Cardinal Mooney stuns previously unbeaten Harding
Ground game, big plays and blocked PAT
fuel Cardinal Mooney’s stunning upset
By MIKE Mclain
WARREN
It’s fortunate for the Cardinal Mooney Cardinals that Antonio Page is a persistent young man.
Page came close to getting a hand on a couple of point-after kicks following touchdowns by the Warren G. Harding Raiders. Given another opportunity after a Harding score late in the game cut Mooney’s lead to one point, Page made sure the mission was accomplished.
Coming off the defense’s right side, the speedy Page made a diving block of Dominic Vanwinkle’s kick to preserve the Cardinals’ lead with 1:02 remaining in the fourth quarter. Darrell Jackson recovered the ensuing onside kick, and Mooney ran out the clock on a 35-34 win in a non-conference game Friday night at Mollenkopf Stadium.
“A couple of other times I came close,” said Page, who ran for 129 yards and a pair of touchdowns from the quarterback position. “I got caught on my leg. That time I got through to get it.”
The block capped a wild game that saw the underdog Cardinals (5-2) score two touchdowns in the first three minutes of play on the way to opening a 35-21 halftime lead. The Raiders (7-1), who lost for the first time after seven wins, rallied for a pair of second-half touchdowns, including a 23-yard pass from quarterback Lynn Bowden to Marlin Richardson late in the fourth quarter.

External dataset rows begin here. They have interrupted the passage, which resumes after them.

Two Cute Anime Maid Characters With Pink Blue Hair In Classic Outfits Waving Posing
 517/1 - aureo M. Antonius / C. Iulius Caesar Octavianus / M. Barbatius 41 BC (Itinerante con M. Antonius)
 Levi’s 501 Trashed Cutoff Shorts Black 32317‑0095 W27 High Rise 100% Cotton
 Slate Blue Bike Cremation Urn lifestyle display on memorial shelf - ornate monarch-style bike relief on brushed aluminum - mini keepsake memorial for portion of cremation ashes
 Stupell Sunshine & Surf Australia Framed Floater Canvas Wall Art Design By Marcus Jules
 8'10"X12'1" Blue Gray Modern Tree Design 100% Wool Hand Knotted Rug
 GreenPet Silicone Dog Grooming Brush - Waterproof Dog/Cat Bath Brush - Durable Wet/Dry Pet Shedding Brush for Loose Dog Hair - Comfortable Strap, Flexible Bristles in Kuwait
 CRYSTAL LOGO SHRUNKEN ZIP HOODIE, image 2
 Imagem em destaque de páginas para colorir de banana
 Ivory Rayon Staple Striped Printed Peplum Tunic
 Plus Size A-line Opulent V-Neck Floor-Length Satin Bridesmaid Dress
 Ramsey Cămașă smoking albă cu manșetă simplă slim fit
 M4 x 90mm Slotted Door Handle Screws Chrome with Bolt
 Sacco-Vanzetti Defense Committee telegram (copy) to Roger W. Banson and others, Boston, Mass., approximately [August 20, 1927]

Raiders coach Steve Arnold would have gone for two points, but Bowden, easily the area’s premier offensive talent, was out of breath. Arnold made the decision to go with Vanwinkle, who easily converted his first four conversion kicks.
“We would have gone for it [two], but Lynn had run five or six times,” Arnold said. “We had a two-point play we were going to use, but he was gassed. We didn’t want to take a chance.”
The Cardinals went with a three-headed, power-running attack. In addition to Page, Jaylen Hewlett gained 124 yards on 19 carries, including a 51-yard touchdown run. Ray Anderson, wearing a lineman’s No. 98, powered his way to 50 yards and two touchdowns on 14 carries.
“Give credit to the backs, but it all comes down to the O-line,” Hewlett said. “If the line can’t block, the backs can’t do anything.”
The Cardinals needed just two plays after the opening kick to take a 7-0 lead. Anderson rammed 9 yards to the Mooney 41, setting up Hewlett’s 51-yard run.
Mooney was back in business when Brent Weaver fell on a fumble by Richardson on the ensuing kick. Starting from the Raiders’ 25, the Cardinals scored four plays later on an 8-yard run by Page.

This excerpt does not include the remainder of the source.